◆ ASSIGNMENT ◆
Down to the last line, set down the material below exactly, excluding pictures.

◆ PROVIDED DATA ◆

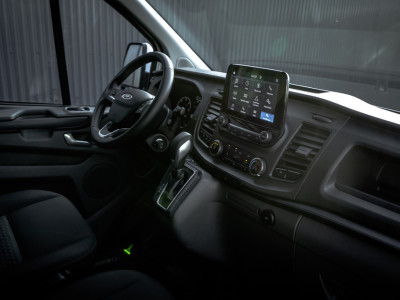 Ford Transit Custom 2.0 TDCI L2H1 Trend | 130 PK | Automaat | Carplay | Camera | Cruise | Airco | 3-Zits foto 2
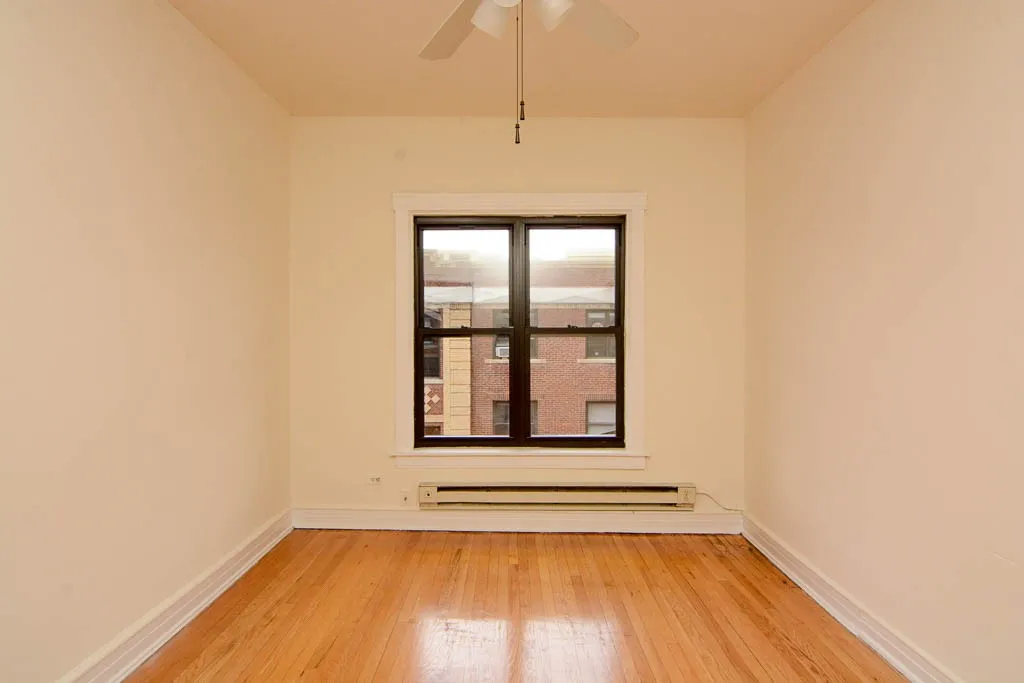 817 W Waveland Ave, ,  60613, USA 60613-unit#3N-Chicago-IL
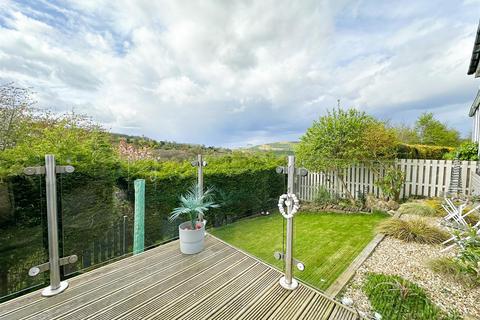 19 Highcliffe Drive, Oughtibridge, Sheffield, S35 0JD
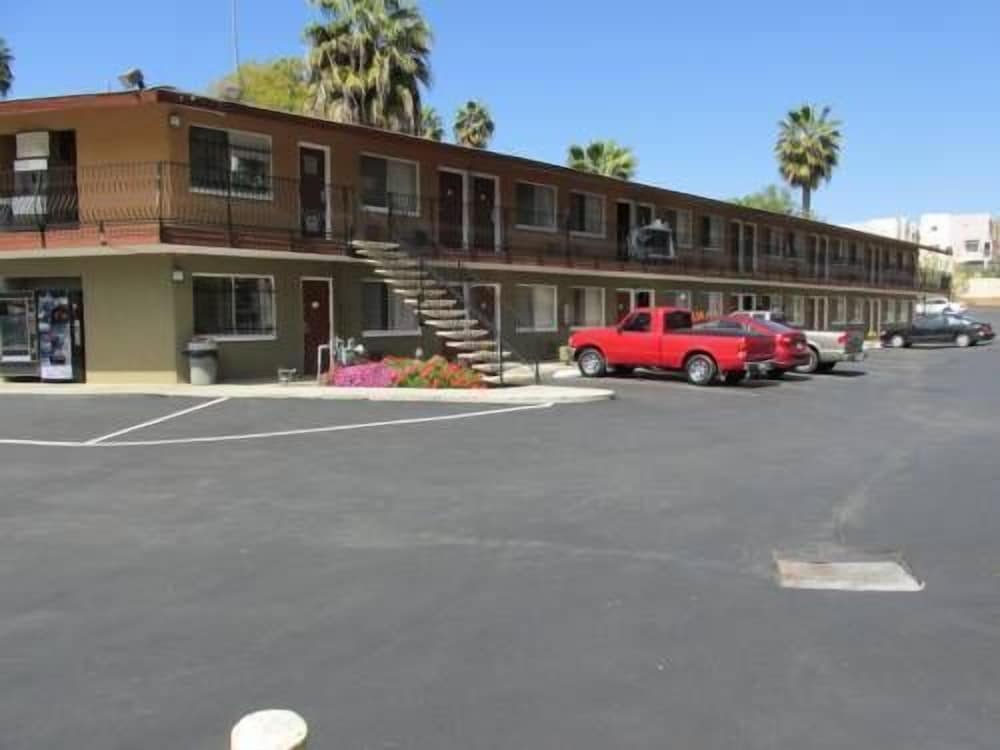 Escondido Lodge 46/56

◆ ANSWER FOR THE TASK ◆
 Ford Transit Custom 2.0 TDCI L2H1 Trend | 130 PK | Automaat | Carplay | Camera | Cruise | Airco | 3-Zits foto 2
 817 W Waveland Ave, ,  60613, USA 60613-unit#3N-Chicago-IL
 19 Highcliffe Drive, Oughtibridge, Sheffield, S35 0JD
 Escondido Lodge 46/56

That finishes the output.